Glass half-empty: This dude is at 34 percent, a mere one-third of the electorate, on average in states he really needs to win. This is the week Reince moves from hard liquor for breakfast to hard drugs.

If you’re inclined not to panic about any individual poll because (a) poll averages are more reliable than any one survey (smart) or (b) the polls are being SKEWED thanks to a liberal conspiracy to manipulate the data (not smart but inevitable every cycle when the GOP nominee falls behind), I’d point you to the RCP average, which now has Clinton up seven points in a four-way race. That’s easily her biggest lead of the summer. It’s also worth noting that the blockbuster McClatchy poll last week showing Clinton up 15 points seems newly credible in light of the similar margin detected by Monmouth today. It’s always more prudent to stick with the average, but there is some reason now to believe that the average might be lowballing her actual share of the vote at the moment. Either way, given the growing demand on the right for reassurance that things can’t really be this bad and that Trump is actually ahead, someone’s going to get rich before November by starting a paywalled “unskewing” site for the daily polls.

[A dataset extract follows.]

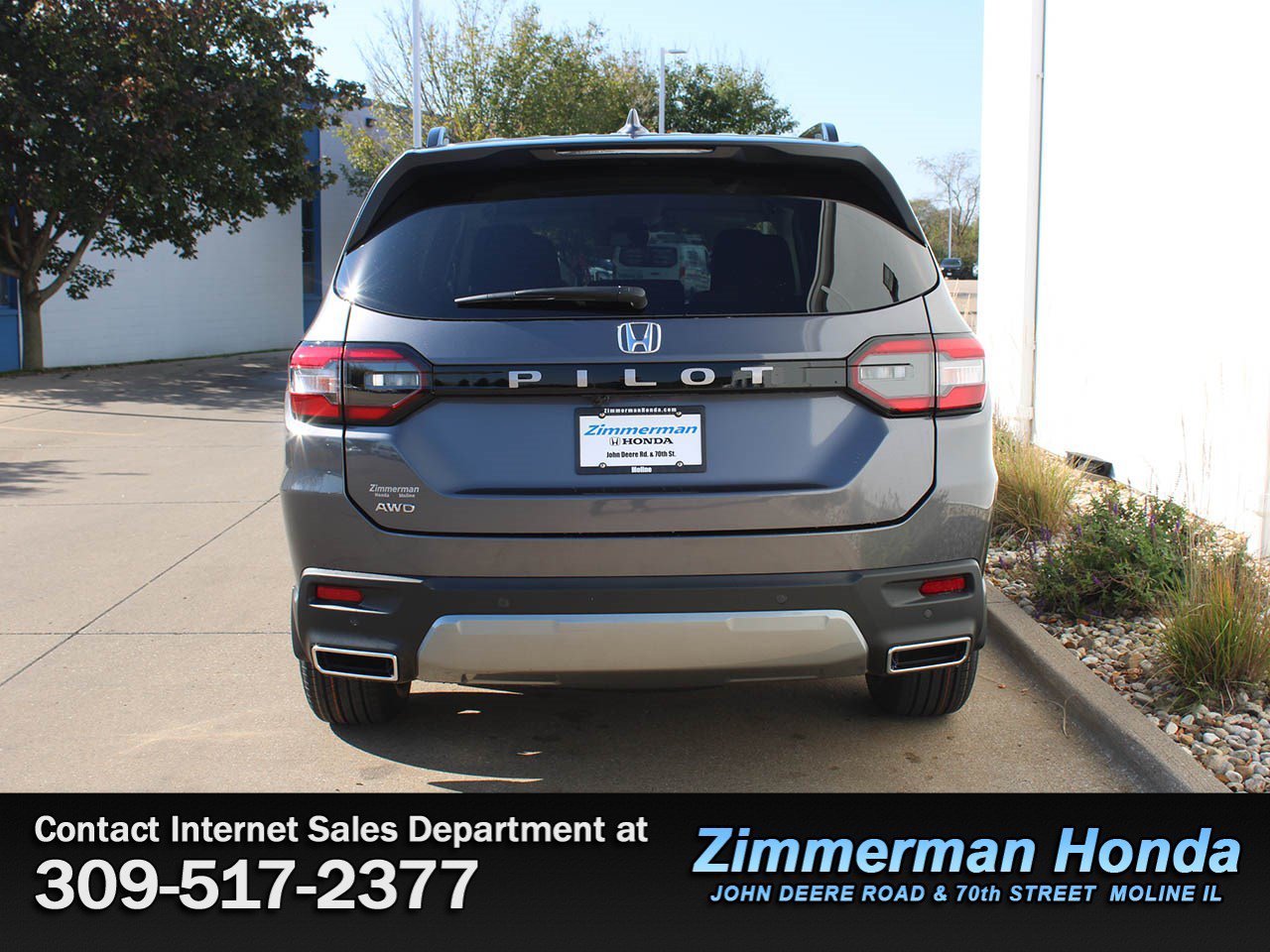 New 2026 Honda Pilot EX-L image 8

One last thing about the sample here: It’s 35D/26R/39I, which is a bit bluer than the electorate was in 2012 according to the exit polls at the time (38D/32R/29I). Doesn’t that prove that Monmouth’s poll is “biased” towards Democrats? Well, no, for the simple reason that the composition of the electorate changes every year. It may well be that there are more self-identified Democrats at the polls this fall than Republicans. In fact, given some of the discontent on the right with Trump, it may be that many people who identified as Republican in 2012 have now shifted to independent, which would explain the smaller number of Rs and higher numbers of I’s in the Monmouth numbers. Notice too that the share of Ds is also down from 2012, which might be explained by some disgusted Bernie fans shifting from Democrat to independent. It’s hard to draw firm conclusions about “skewing” from a sample unless the numbers are outlandishly out of whack with what we’d expect to see.